BY NATHAN PAYNE firstname.lastname@example.org
Traverse City Record-Eagle
---- — BENZONIA — It’s been nearly four years since Dean Cobb got the call.
The retired theater teacher remembers the day vividly. A secretary walked into his classroom at North Farmington High School and told him his daughter was on the phone.
”I was in my fifth-hour class, my last class of the day. A secretary came down and said ‘you need to take this call. It’s your daughter,’” Cobb said. “I immediately left and found out.”
Cobb’s daughter, already hysterical, told him her husband, Adam Tupa, 32, had killed himself that October afternoon in 2009.
“It obviously devastated our family,” Cobb said. “It was so unexpected and so out of the blue.”
Tupa left behind his wife and two young daughters.

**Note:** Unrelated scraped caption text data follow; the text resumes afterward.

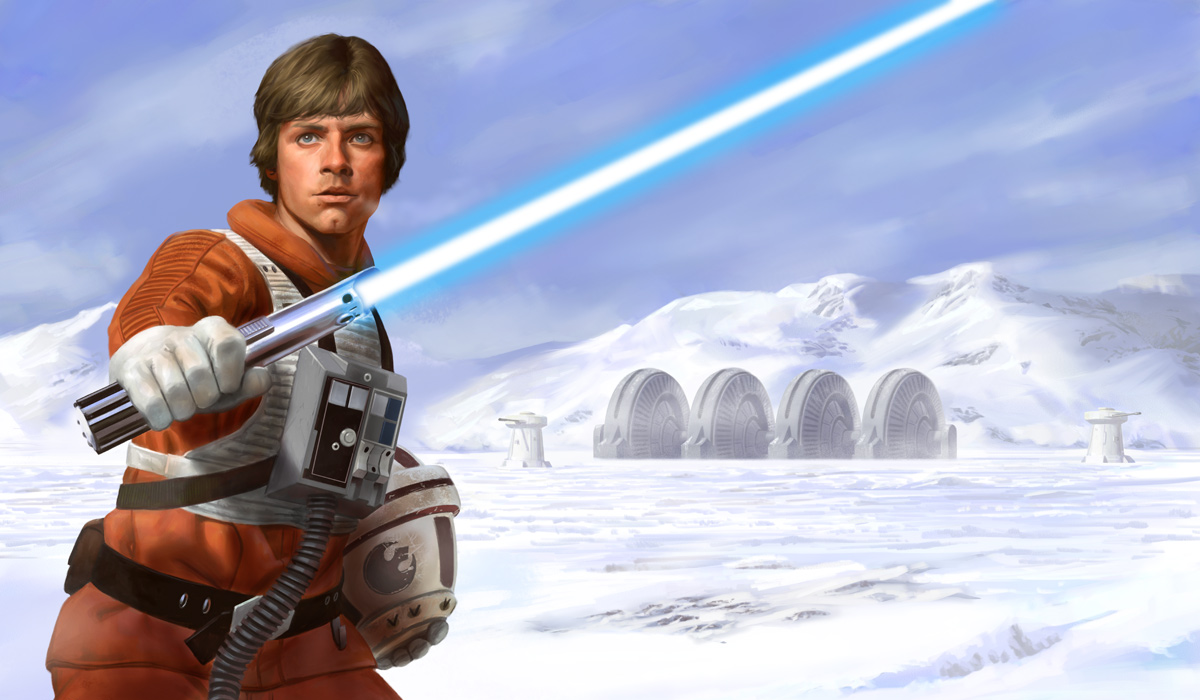 Luke Skywalker wields the lightsaber in defense of Echo Base.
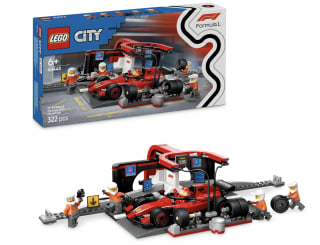 LEGO City parada en boxes de F1 y equipo de mecánicos con coche Ferrari de juguete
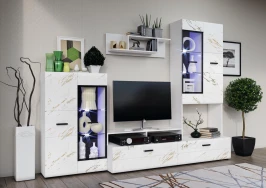 Гостиная Нэнси Вариант №3, Мрамор золото, Белый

He also left a large extended family that spent the following years fighting its way though the anger and frustration that often follows in the wake of suicide.
Cobb was no different.
“I was so angry,” Cobb, 62, said. “And I continued the anger and that’s not the way to get past this. If I dwell on it, it comes back again. We were very close to him.”

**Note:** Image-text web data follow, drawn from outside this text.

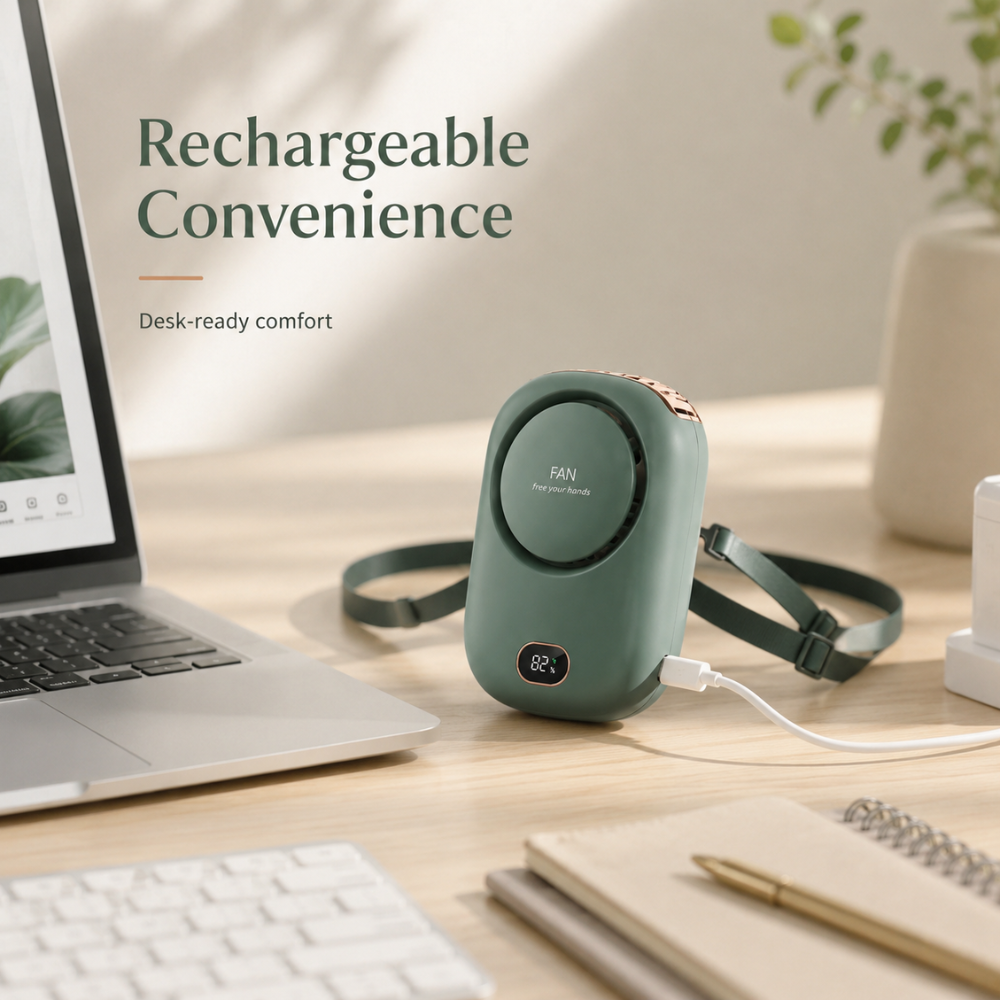 Tragbarer Halsventilator mit Display – USB-aufladbarer Mini-Ventilator mit 3 Geschwindigkeitsstufen und Trageband für Reisen & Outdoor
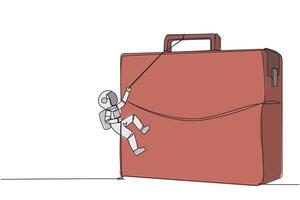 Single continuous line drawing young astronaut climbs briefcase with rope. A metaphor for building a business from scratch. Growing and having many relationships. One line design illustration vector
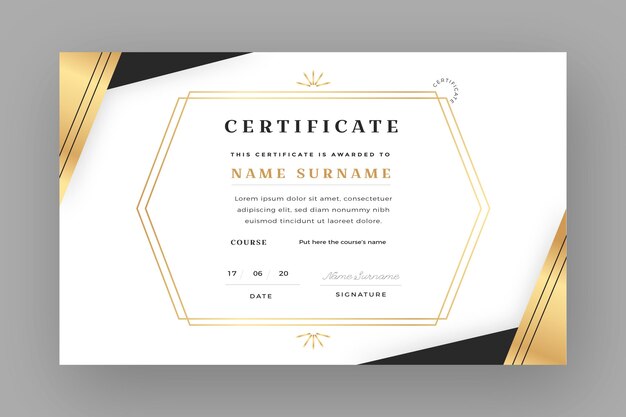 Certificado elegante degradado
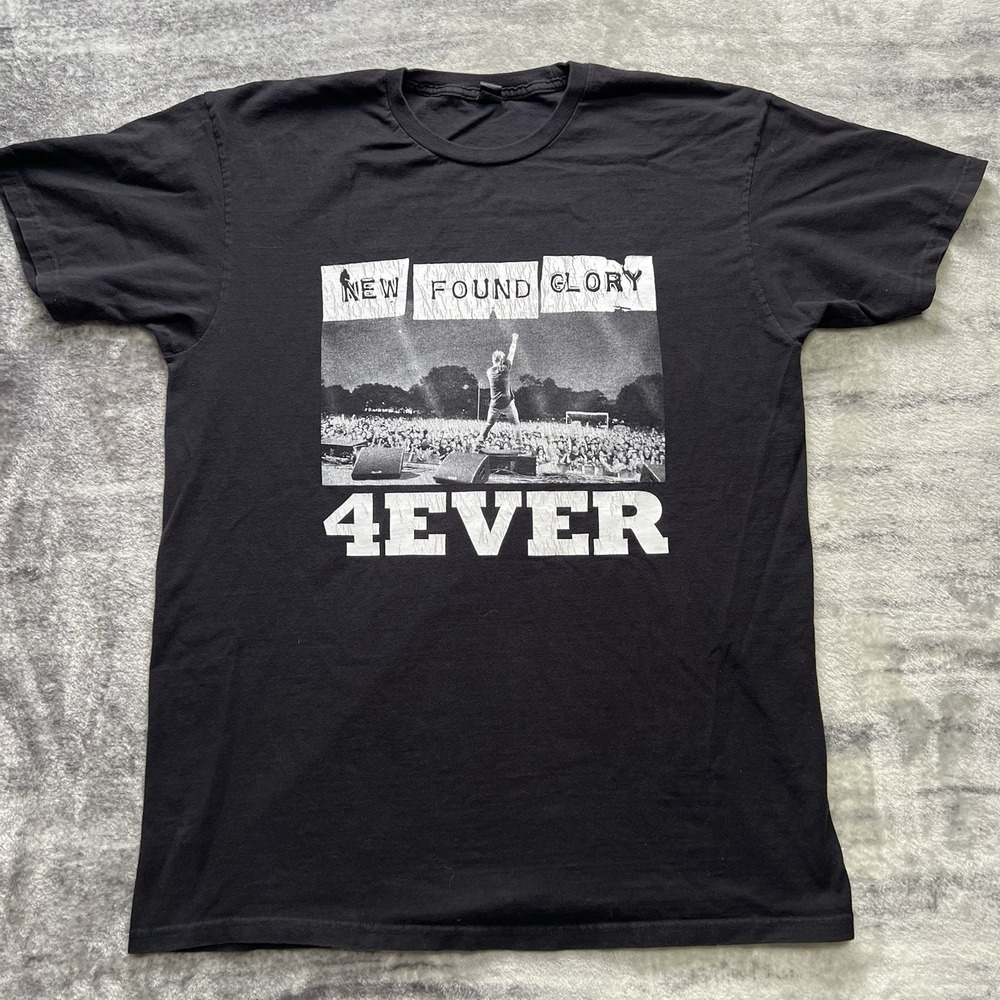 New Found Glory 4EVER Adult Size L Graphic T-Shirt Black Pop Funk Band Tee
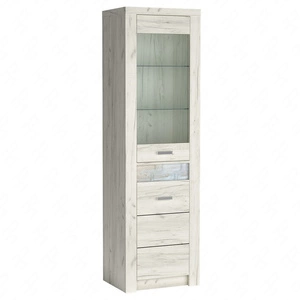 Witryna Indiana 56 cm kraft biały stylowa witryna do salonu elementy z bezpiecznego szkła ozdobna deska na froncie witryny oświetlona LED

Then, in 2011, just before retiring from teaching, Cobb decided he needed to do something. There were plenty of small events that try to raise awareness for suicide prevention causes, but he wanted to do something that would reach more people than those who, like him, already know the effects of suicide.
”I said to myself, ‘when I retire, I’m going to do something,’” he said. “‘I don’t know what it is, but I’m going to do something.’ I have to do something, it may be my cathartic nature.”
So Cobb hatched a plan to walk from his beloved vacation spot in Frankfort to his home in Hartland. The 224-mile walk would give the 41-year veteran teacher a chance to talk to many people about suicide prevention along the way. He worked out daily by walking routes in the neighborhoods near his downstate home. He arranged donated motel rooms spaced 20 miles apart along the route. And he recruited Duane Fox, liaison officer for Farmington schools, a close friend, to make the trek by his side.
Fox, a retired Farmington Hills police officer, had plenty of of his own experiences with suicide and was primed to join his friend.
But not long before the walk was set to begin in September of 2012, Cobb was laid up with a knee injury that required surgery.
“I had already gotten half of the rooms along the way,” he said. “It was tremendously frustrating.”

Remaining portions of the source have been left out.